Collective Purpose and Social Structure
Motivation exists as a system of processes. Motivational processes are activities, whether overt or covert: the activities entailed in becoming committed, in evaluating, maintaining, or modifying existing commitments, and in guiding performance by its relevance for commitments. These activities are possible only if there are structures that set them in motion and carry them on. Such structures are occasioned and partially shaped by existing values and motives and by experiences, and they then act back upon the values and motives themselves. They also help determine the role and force of values and motives in behavior.

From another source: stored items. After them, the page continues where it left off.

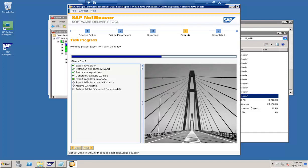After this, the next steps are the export from the Java central instance, then archiving the SAP kernel, and archiving the Adobe Document Services data. We are exporting only the Java stack, so this includes the Java database export, the Java central instance export, the SAP kernel, and the Adobe Document Services data — these are the steps performed when exporting the Java stack.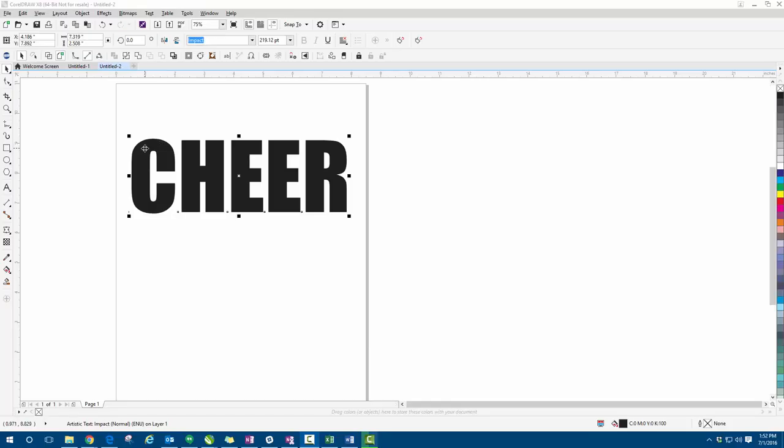Hey guys, Rudy here with the rhinestone world. So in this tutorial video, we're going to show how to use the straight line envelope feature here in CorelDRAW X8.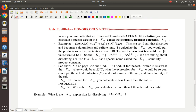Hi guys, this is Mrs. Cribb. We're going to go over the honors notes now. Please pull out your notes and go to the portion that says Ionic Equilibria. We're going to follow along. I'm going to go back and forth between the notes and the Prezi so we can look at a few of the visual aids in the Prezi.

In the psychological systems of individuals, these structures include hierarchical and other relations among values and motives: for example, their comprehensiveness, their urgency, and their temporal sequencing. They include cognitive structures through which the relations of values and motives to environmental conditions are specified and through which implications are drawn. (Among these are the structures through which the impetus to action is judged as internal or external, as controllable or uncontrollable, as stable or unstable, and as intentional or unintentional (Hamilton 1983: 125–207; Weiner 1986:43–78). And there are the cognitive-motivational structures that protect the individual's ability to make and monitor commitments, including the self-protective activities found in ego defenses (Swanson 1988) and in what Brehm (1966; Brehm and Brehm 1981) has called psychological reactance .
In collectivities the most immediately relevant structures include arrangements for setting joint goals and for selecting the basic terms on which they will be implemented. These are "policy-level" arrangements: the arrangements for policy-making or policy-control that are a part of
the activities of all collectivities, however transient or enduring, formal or informal, and that become specified and differentiated in complex organizations. As motivation in individuals is distinguished from "knowing" (for example, information processing, memory) and from overt motor activity (performance), so collective arrangements for policy-making and control are distinguished from arrangements for acquiring and storing information, from arrangements for making information available when needed, and from arrangements for coordinating and conducting implementations of policy (from "lower management," "production," "marketing," or "service delivery"). I build on these points in studies of the cultures of societies.